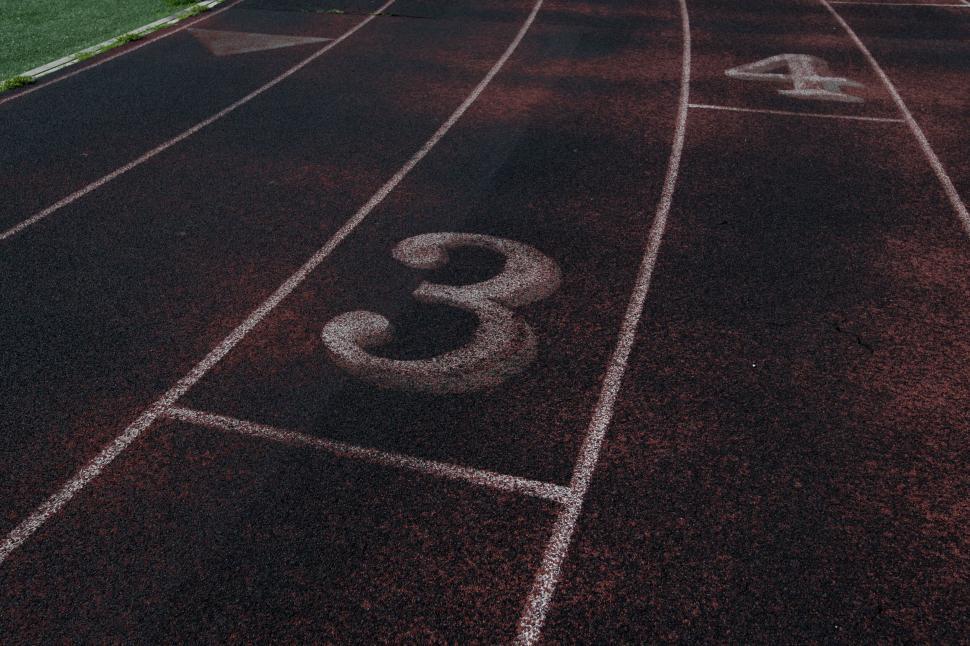 Free Image of Empty running track lanes with numbers 3 and 4 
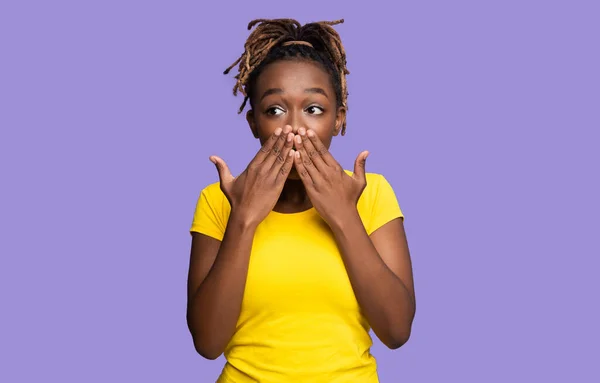 Счастливая эмоциональная черная женщина закрывает рот обеими ладонями — стоковое фото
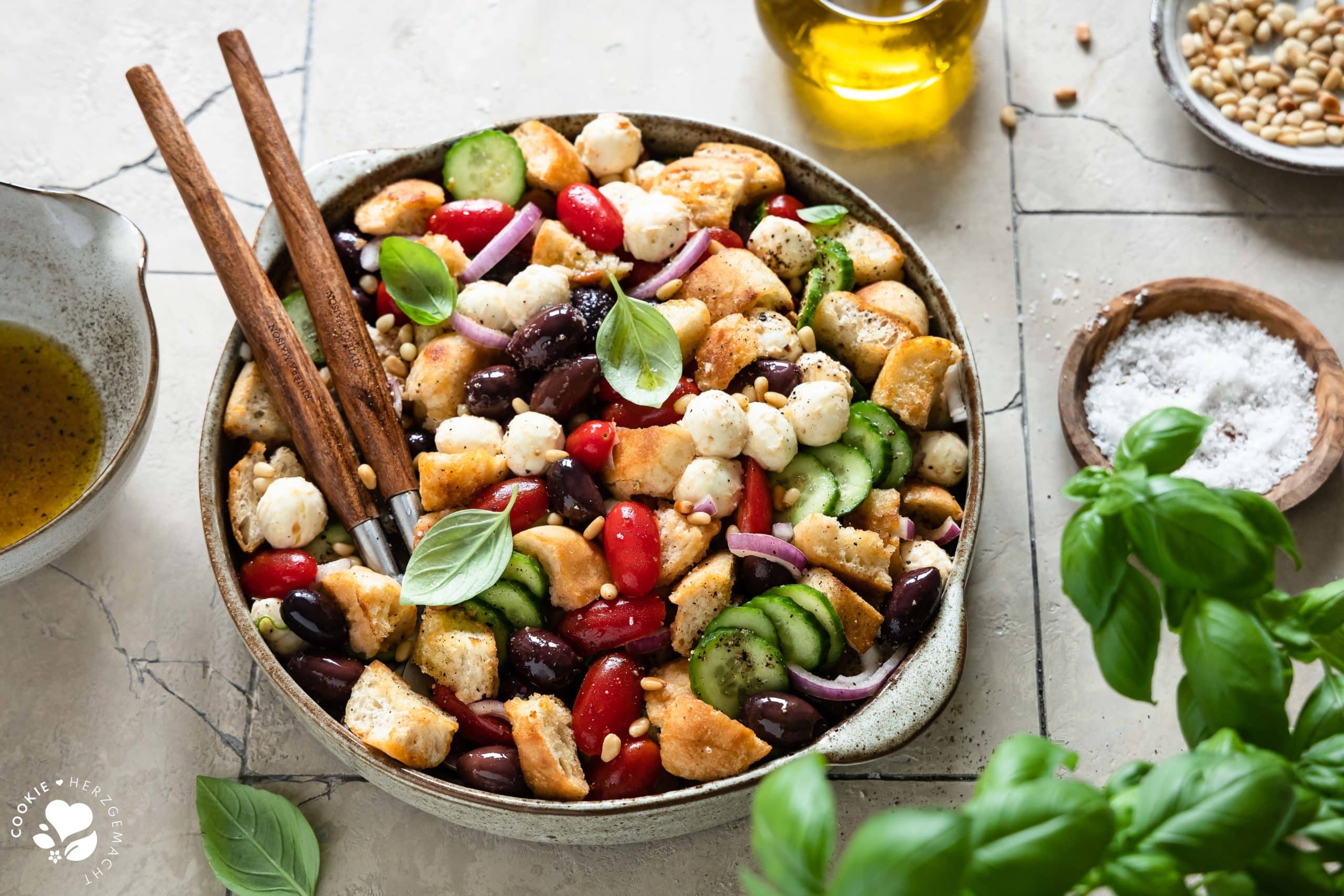 Italienischer Brotsalat „Panzanella“ in einer Salatschüssel mit einem Topf Basilikum im Vordergrund.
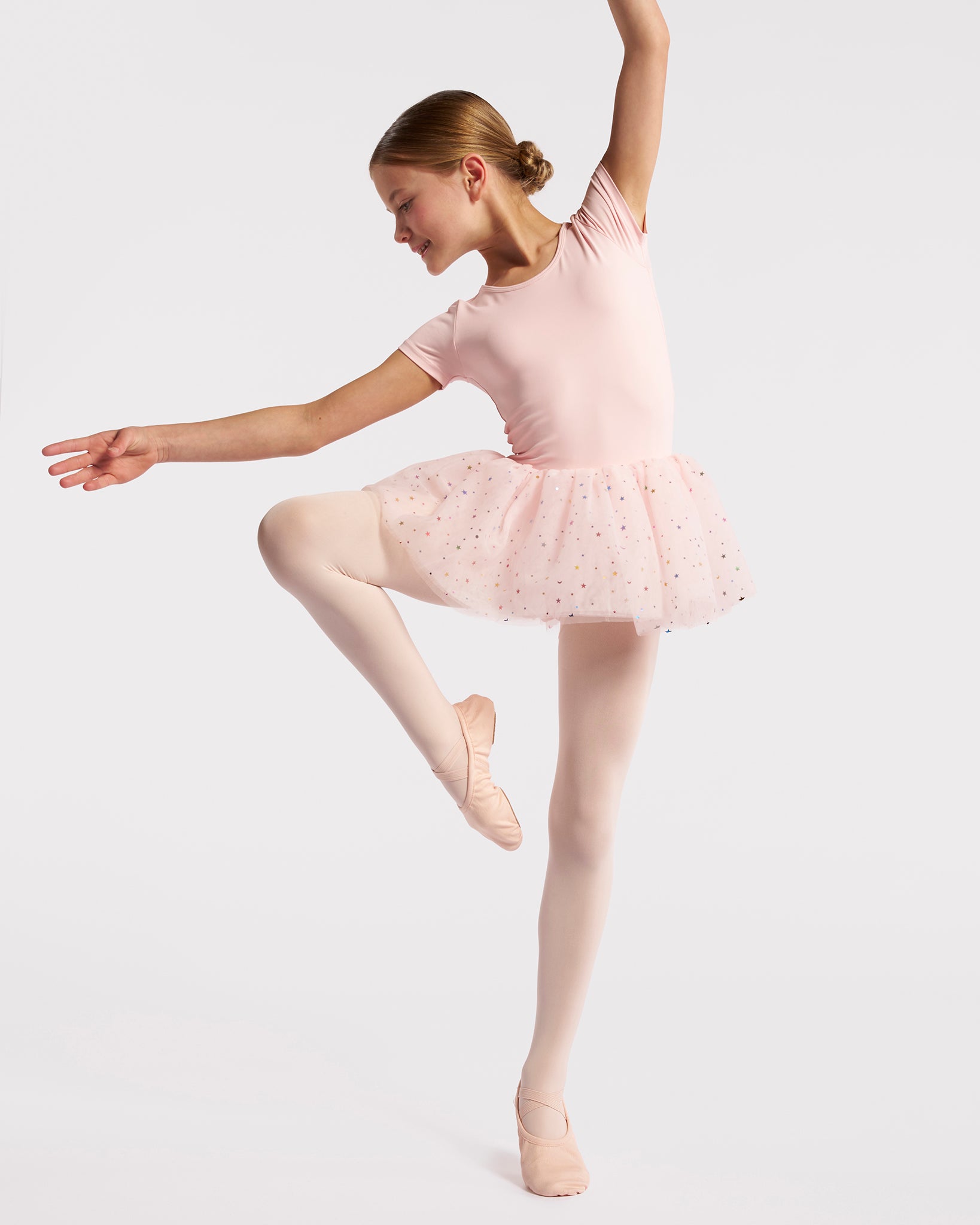 Young dancer wearing a ballet pink celestial sequin tutu dress while posing in ballet shoes and pink tights.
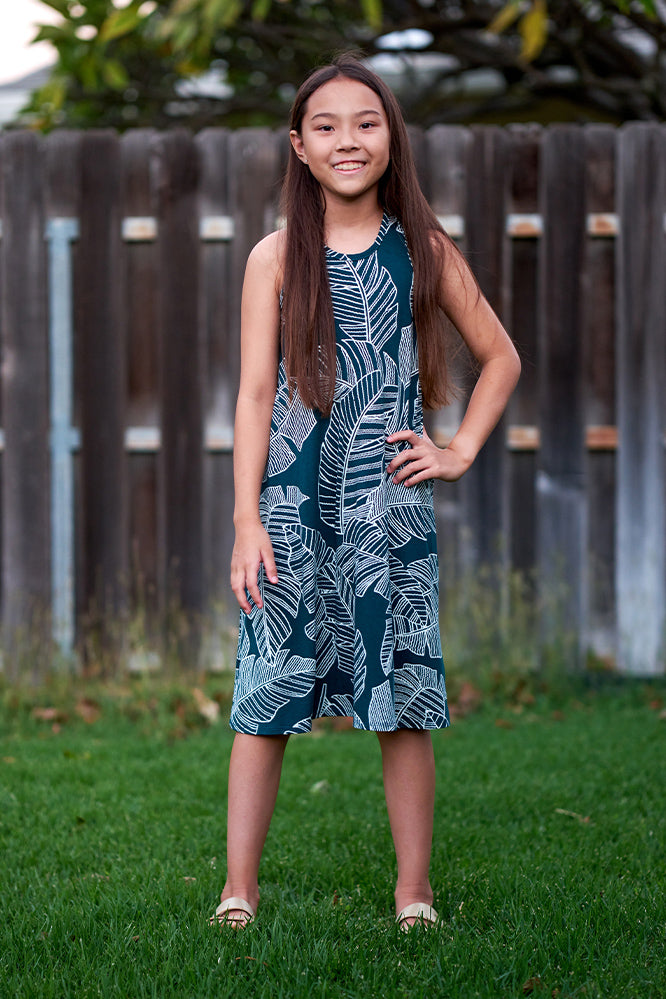 Girl wearing forest green dress.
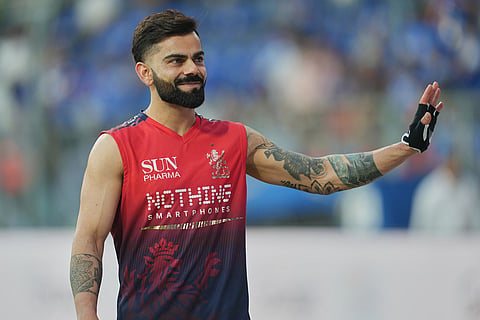 Royal Challengers Bengaluru's Virat Kohli waves to the crowd prior to start of the Indian Premier League cricket match between Mumbai Indians and Royal Challengers Bengaluru, in Guwahati, India.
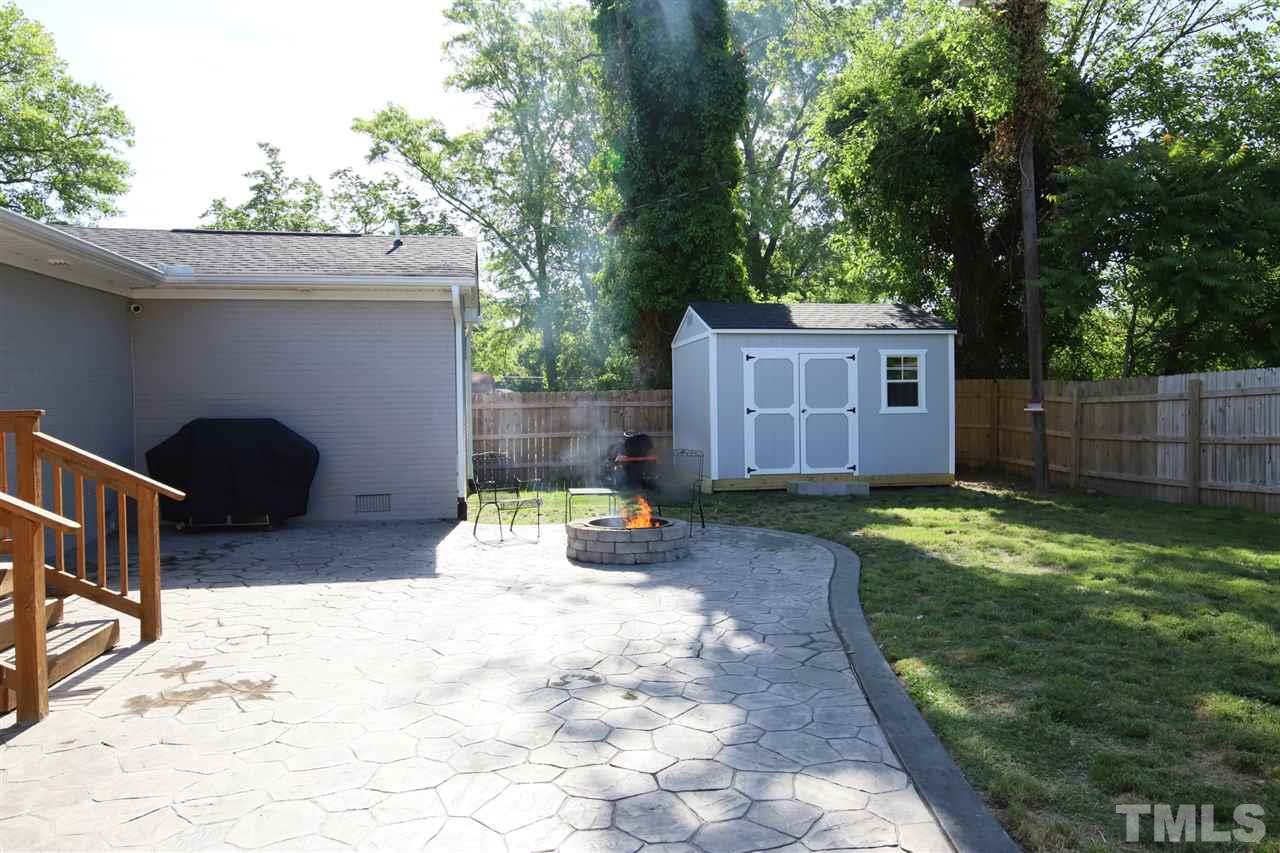 1308 East Lane Street Raleigh, NC 27610 - Photo 4 of 21 a backyard of a house with yard and outdoor seating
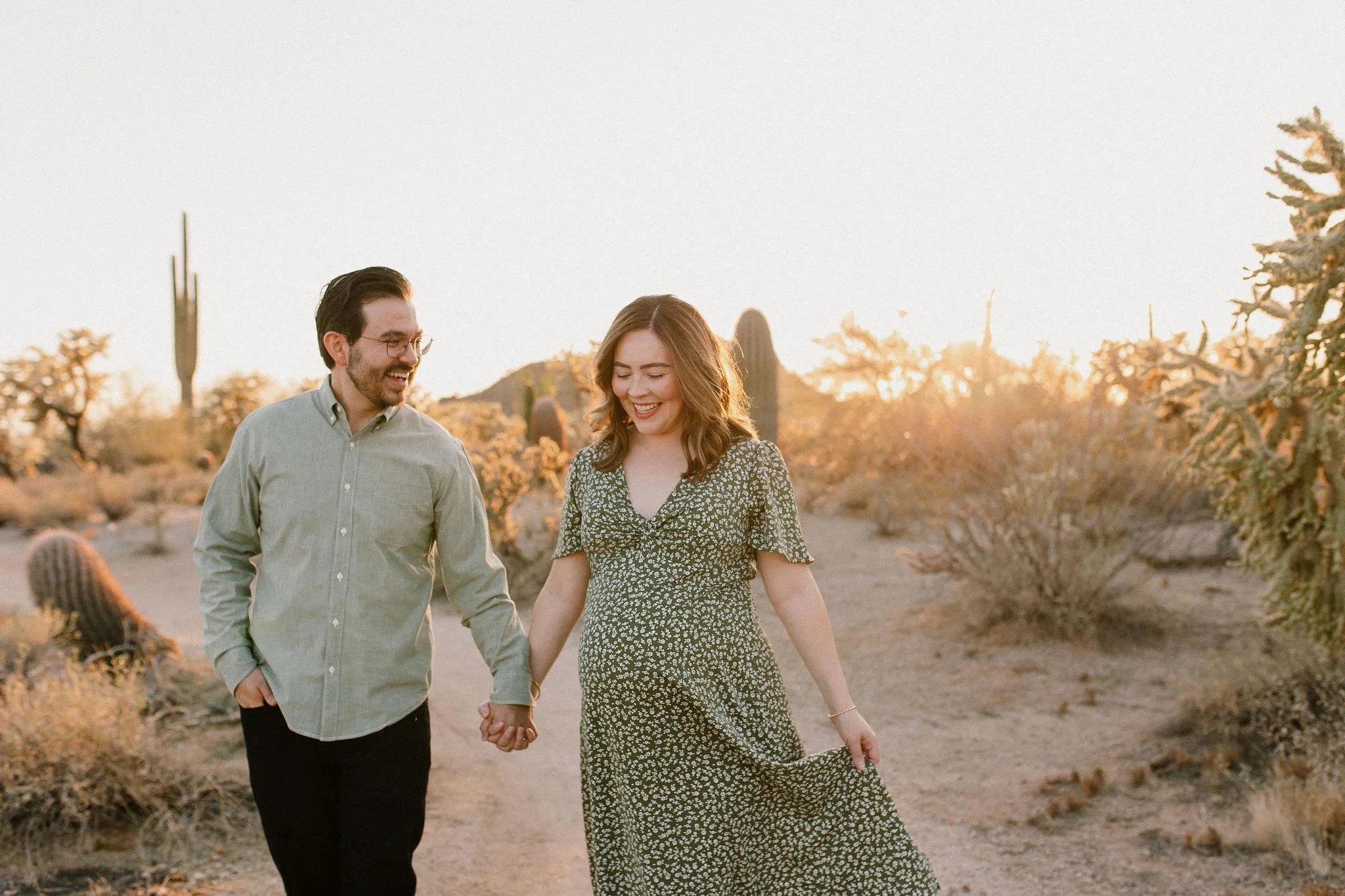 pregnant mom walking holding dad's hand in golden hour maternity photoshoot in Gilbert, Arizona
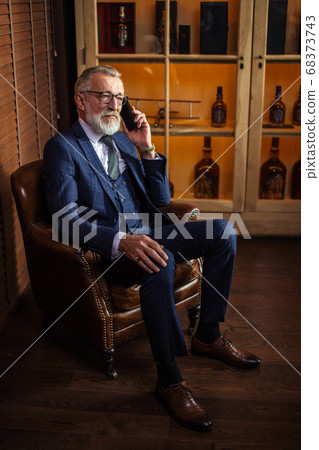 Experienced old private physician talking on smartphone with pat Experienced old private physician talking on smartphone with pat 68373743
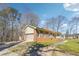 Brick home with an attached garage, long driveway, and well-kept lawn at 9975 Holly Hill Way, Jonesboro, GA 30238
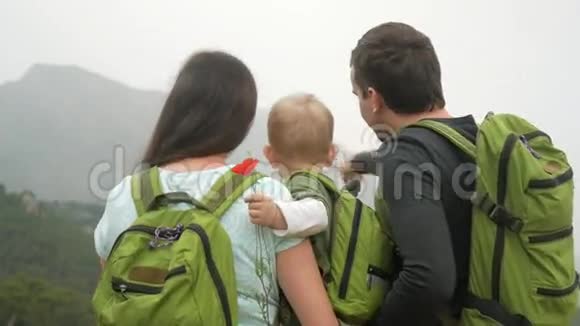 一个年轻的旅人家庭带着一个回头看群山每个人都有相同的绿色背包视频的预览图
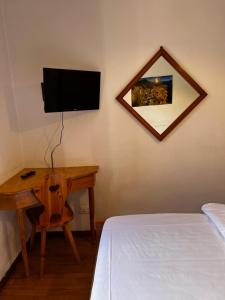 a bedroom with a bed and a desk with a television at Albergo Brustolon in Dont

= = =

Give the entries again, exactly and in full, with no image included.

## Answer section
 Free Image of Empty running track lanes with numbers 3 and 4 
 Счастливая эмоциональная черная женщина закрывает рот обеими ладонями — стоковое фото
 Italienischer Brotsalat „Panzanella“ in einer Salatschüssel mit einem Topf Basilikum im Vordergrund.
 Young dancer wearing a ballet pink celestial sequin tutu dress while posing in ballet shoes and pink tights.
 Girl wearing forest green dress.
 Royal Challengers Bengaluru's Virat Kohli waves to the crowd prior to start of the Indian Premier League cricket match between Mumbai Indians and Royal Challengers Bengaluru, in Guwahati, India.
 1308 East Lane Street Raleigh, NC 27610 - Photo 4 of 21 a backyard of a house with yard and outdoor seating
 pregnant mom walking holding dad's hand in golden hour maternity photoshoot in Gilbert, Arizona
 Experienced old private physician talking on smartphone with pat Experienced old private physician talking on smartphone with pat 68373743
 Brick home with an attached garage, long driveway, and well-kept lawn at 9975 Holly Hill Way, Jonesboro, GA 30238
 一个年轻的旅人家庭带着一个回头看群山每个人都有相同的绿色背包视频的预览图
 a bedroom with a bed and a desk with a television at Albergo Brustolon in Dont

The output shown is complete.